When the aim is to predict a binary outcome, logistic regression is widely used. The association of each predictor with the outcome is expressed as an adjusted odds ratio, which might be difficult for clinicians to interpret. However if the goal is to build a prediction model, the interpretation of the relationship between predictor and response is probably not of interest. Furthermore, for classification, the score needs to be calculated, which is not very user-friendly. Although an app could be developed that calculates this score based on values of the predictor variables. The usefulness of a clinical prediction rule is also determined by its ease of use. The SKJ method estimates adjusted likelihood ratios, positive or negative if key predictors are present or absent, and this more nuanced information is preferred above odds ratios by clinicians. Moreover the score can be easily calculated, as a sum of integers. Also CART results in a decision tool that can be easily applied in clinical practice. However the relationship between predictor and reponse is harder to interpret than with logistic regression or SKJ.

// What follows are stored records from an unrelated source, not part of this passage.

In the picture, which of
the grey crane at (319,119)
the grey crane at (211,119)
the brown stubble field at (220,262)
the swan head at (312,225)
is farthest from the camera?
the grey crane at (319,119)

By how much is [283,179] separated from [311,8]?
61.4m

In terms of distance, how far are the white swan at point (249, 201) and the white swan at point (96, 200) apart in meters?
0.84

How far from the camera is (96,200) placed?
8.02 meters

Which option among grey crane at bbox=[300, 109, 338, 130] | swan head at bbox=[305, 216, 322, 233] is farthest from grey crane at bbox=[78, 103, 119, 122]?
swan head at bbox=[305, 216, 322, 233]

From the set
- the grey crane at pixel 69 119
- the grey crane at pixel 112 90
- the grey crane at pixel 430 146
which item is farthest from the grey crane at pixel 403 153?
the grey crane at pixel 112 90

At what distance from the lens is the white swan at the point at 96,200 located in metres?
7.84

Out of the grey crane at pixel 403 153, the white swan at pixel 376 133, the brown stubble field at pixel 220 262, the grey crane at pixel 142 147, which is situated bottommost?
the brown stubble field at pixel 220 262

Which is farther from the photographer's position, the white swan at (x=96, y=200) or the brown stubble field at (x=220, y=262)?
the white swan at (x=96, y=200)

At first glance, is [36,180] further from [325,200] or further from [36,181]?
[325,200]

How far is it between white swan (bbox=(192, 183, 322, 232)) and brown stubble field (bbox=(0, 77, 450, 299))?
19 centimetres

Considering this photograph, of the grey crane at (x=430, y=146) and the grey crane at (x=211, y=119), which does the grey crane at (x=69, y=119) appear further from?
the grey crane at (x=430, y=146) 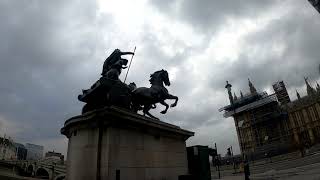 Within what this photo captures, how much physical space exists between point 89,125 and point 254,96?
306ft

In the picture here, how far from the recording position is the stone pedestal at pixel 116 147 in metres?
8.77

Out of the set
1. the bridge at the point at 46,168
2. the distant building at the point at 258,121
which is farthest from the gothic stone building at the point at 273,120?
the bridge at the point at 46,168

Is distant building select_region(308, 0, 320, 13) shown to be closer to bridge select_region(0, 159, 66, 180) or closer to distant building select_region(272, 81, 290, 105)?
bridge select_region(0, 159, 66, 180)

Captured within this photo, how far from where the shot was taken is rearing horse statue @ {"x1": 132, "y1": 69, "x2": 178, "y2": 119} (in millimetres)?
12031

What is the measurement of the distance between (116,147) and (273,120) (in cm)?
8637

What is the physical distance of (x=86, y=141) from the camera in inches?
364

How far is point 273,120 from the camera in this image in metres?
87.3

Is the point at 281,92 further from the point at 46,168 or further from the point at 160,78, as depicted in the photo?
the point at 160,78

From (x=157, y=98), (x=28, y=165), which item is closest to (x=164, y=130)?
(x=157, y=98)

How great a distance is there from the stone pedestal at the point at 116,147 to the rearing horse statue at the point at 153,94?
183 cm

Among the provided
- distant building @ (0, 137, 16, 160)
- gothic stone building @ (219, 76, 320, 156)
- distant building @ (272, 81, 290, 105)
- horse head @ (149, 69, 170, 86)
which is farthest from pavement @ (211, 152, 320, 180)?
distant building @ (0, 137, 16, 160)

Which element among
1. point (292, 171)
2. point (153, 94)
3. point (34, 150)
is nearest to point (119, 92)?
point (153, 94)

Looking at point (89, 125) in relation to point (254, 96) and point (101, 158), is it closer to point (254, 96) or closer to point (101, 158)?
point (101, 158)

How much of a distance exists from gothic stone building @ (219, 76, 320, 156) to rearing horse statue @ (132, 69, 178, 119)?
229 ft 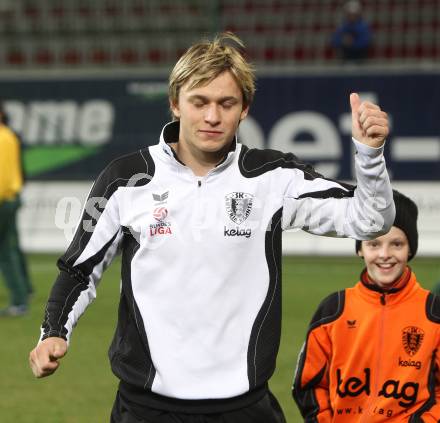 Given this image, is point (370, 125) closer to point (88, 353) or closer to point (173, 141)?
point (173, 141)

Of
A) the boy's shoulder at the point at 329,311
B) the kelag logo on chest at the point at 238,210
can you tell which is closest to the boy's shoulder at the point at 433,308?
the boy's shoulder at the point at 329,311

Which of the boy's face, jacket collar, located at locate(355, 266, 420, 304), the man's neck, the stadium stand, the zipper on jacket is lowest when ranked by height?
the stadium stand

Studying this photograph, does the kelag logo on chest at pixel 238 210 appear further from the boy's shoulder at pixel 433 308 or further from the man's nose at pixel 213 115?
the boy's shoulder at pixel 433 308

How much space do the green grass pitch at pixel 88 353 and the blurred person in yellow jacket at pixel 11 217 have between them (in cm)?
22

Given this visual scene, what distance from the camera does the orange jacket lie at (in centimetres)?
418

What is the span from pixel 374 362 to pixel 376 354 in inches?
1.3

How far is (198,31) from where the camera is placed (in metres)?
19.1

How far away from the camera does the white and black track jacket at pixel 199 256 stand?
3.44m

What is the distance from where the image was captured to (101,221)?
11.7 feet

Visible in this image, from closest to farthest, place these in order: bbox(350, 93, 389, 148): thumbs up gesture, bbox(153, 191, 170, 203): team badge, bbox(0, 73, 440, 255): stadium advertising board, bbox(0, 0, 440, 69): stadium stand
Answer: bbox(350, 93, 389, 148): thumbs up gesture < bbox(153, 191, 170, 203): team badge < bbox(0, 73, 440, 255): stadium advertising board < bbox(0, 0, 440, 69): stadium stand

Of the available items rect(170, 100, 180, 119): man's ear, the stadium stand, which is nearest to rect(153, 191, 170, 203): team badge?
rect(170, 100, 180, 119): man's ear

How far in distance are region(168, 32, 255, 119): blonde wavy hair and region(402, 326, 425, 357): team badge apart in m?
1.20

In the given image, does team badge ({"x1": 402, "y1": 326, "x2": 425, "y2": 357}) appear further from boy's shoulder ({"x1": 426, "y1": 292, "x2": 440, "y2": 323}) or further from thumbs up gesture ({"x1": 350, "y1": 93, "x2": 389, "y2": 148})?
thumbs up gesture ({"x1": 350, "y1": 93, "x2": 389, "y2": 148})

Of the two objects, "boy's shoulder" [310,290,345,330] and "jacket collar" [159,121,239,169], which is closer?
"jacket collar" [159,121,239,169] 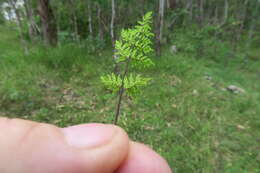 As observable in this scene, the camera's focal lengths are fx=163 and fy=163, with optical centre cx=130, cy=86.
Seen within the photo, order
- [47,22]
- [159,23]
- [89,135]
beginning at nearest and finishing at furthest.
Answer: [89,135] < [159,23] < [47,22]

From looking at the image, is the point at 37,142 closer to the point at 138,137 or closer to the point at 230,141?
the point at 138,137

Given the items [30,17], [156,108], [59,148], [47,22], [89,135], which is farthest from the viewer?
[47,22]

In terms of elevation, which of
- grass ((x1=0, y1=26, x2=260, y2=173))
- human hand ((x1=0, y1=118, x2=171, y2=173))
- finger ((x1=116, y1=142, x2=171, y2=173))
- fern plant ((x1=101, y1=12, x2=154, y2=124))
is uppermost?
fern plant ((x1=101, y1=12, x2=154, y2=124))

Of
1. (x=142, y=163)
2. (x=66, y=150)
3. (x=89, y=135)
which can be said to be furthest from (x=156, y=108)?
(x=66, y=150)

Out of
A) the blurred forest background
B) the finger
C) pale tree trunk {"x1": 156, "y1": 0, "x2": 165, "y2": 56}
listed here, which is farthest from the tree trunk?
the finger

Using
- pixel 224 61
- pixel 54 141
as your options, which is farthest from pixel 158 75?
pixel 224 61

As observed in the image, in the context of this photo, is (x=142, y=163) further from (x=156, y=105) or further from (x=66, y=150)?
(x=156, y=105)

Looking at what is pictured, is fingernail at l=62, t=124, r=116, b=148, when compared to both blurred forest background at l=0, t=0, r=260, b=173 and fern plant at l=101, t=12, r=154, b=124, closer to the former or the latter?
fern plant at l=101, t=12, r=154, b=124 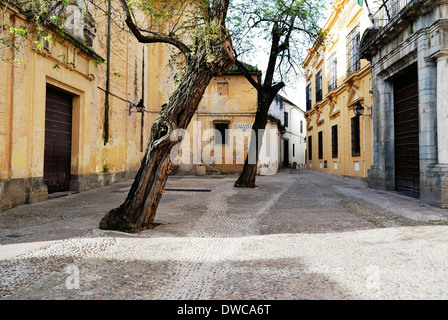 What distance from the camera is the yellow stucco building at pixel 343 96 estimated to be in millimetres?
12125

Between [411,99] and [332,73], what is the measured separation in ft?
32.2

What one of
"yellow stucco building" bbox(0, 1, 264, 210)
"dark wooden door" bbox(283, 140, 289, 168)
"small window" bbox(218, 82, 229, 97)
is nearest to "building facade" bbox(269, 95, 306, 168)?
"dark wooden door" bbox(283, 140, 289, 168)

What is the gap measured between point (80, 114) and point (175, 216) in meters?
5.90

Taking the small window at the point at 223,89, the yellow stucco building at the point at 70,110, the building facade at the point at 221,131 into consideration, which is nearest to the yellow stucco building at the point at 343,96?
the building facade at the point at 221,131

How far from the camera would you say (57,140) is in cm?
851

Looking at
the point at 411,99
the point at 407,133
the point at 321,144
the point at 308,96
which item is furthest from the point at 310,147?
the point at 411,99

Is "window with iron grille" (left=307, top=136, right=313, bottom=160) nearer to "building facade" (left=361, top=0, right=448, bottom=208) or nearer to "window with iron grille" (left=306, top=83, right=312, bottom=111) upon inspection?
"window with iron grille" (left=306, top=83, right=312, bottom=111)

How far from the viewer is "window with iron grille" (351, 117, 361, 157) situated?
13.0m

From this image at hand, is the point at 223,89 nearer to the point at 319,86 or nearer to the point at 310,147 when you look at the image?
the point at 319,86

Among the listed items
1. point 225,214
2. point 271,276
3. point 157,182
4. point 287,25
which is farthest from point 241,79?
point 271,276

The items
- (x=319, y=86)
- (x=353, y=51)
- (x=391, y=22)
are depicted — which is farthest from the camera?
(x=319, y=86)

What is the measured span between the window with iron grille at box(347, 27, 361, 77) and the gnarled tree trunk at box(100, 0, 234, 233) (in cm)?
1067

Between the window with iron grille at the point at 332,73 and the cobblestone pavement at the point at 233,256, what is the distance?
39.9 ft
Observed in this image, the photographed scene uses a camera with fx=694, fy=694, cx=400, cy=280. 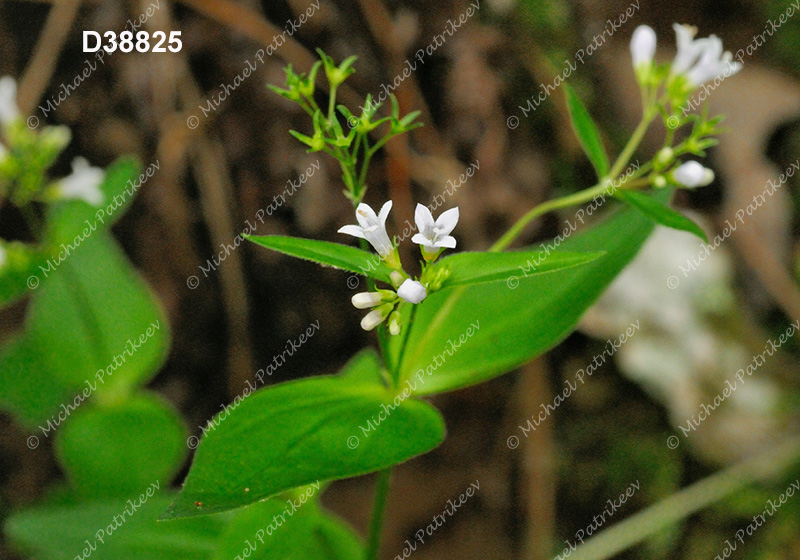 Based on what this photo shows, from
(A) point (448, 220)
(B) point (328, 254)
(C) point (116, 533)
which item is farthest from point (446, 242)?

In logistic regression, missing values were considered as an extra level of the covariate factor. However this approach is known to be biased, even when missingness is completely at random. Other methods to handle missing data are available, like multiple imputation, but all of them depend on untestable assumptions. They are also more complex and would yield a score not feasible to apply in clinical practice. On the other hand, missing values are naturally handled by SKJ making the assumption that a missing value is not predictive of the outcome (the score corresponds to 0 and does not affect the prediction in confirmation or exclusion). Using CART, for subjects with a missing value for a splitting variable a surrogate split is used.

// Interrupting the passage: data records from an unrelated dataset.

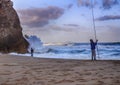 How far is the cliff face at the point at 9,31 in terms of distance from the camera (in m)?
52.3

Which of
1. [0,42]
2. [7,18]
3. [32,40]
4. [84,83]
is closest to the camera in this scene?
[84,83]

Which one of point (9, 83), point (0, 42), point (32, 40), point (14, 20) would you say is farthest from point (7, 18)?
point (9, 83)

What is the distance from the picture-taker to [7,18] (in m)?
55.0

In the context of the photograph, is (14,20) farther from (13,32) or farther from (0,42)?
(0,42)

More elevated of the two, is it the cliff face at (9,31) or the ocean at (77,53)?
the cliff face at (9,31)

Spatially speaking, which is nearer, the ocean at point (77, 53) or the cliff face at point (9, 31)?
the ocean at point (77, 53)

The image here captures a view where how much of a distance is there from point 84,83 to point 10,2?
4741 cm

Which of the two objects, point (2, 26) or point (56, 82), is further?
point (2, 26)

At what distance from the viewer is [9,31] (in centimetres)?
5447

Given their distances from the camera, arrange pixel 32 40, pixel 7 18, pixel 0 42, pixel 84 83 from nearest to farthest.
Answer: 1. pixel 84 83
2. pixel 0 42
3. pixel 7 18
4. pixel 32 40

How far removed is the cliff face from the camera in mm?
52344

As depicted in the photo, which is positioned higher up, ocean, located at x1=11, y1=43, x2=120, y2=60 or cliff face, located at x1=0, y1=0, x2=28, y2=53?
cliff face, located at x1=0, y1=0, x2=28, y2=53

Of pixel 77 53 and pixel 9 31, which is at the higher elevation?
pixel 9 31

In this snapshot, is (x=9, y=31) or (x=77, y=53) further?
(x=9, y=31) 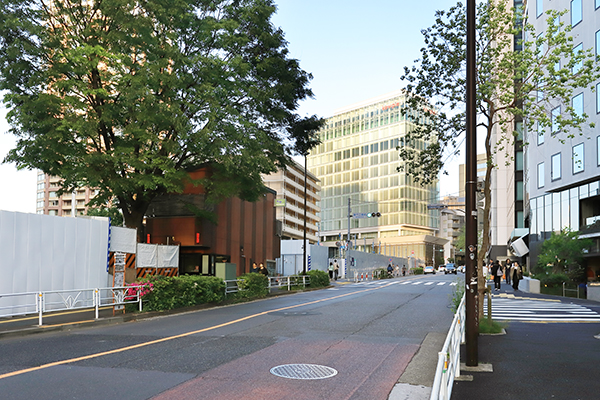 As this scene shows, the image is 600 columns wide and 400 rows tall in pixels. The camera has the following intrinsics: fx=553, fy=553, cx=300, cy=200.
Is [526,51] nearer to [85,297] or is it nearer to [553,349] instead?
[553,349]

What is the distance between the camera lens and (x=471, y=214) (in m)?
9.67

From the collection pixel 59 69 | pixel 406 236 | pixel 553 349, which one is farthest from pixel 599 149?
pixel 406 236

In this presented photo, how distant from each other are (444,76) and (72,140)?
1534 centimetres

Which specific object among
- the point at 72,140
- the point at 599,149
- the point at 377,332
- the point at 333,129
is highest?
the point at 333,129

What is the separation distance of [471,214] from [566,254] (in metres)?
31.9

The SKJ corrects for confounding, but does not allow interactions between predictors, and the shrinkage used is similar for a negative or a positive test result, i.e. LR+ and LR-. Interactions can be included in the logistic regression model, but they have to be specified. In practice often only two-way interactions are included, if any. Because of the way they are built, CART naturally includes higher-order interactions, derived from the data. In that sense CART is the most flexible method, and no model has to be specified.

The performance of CART can be improved by using random forests or boosted trees [13]. Both methods aggregate information from multiple decision trees, developed on different bootstrap samples. Although their predictive performance surpasses that of a single tree, both random forests and boosted trees do not yield a simple decision rule. Hence we did not consider them in this paper since our aim was to develop a prediction rule that can be easily applied in clinical practice.

Conclusions

When the goal is to predict a binary outcome, often logistic regression is chosen as method to build a prediction score. However other methods like SKJ and CART may perform better and should be considered. More research is needed on how to select the best prediction method in a certain setting.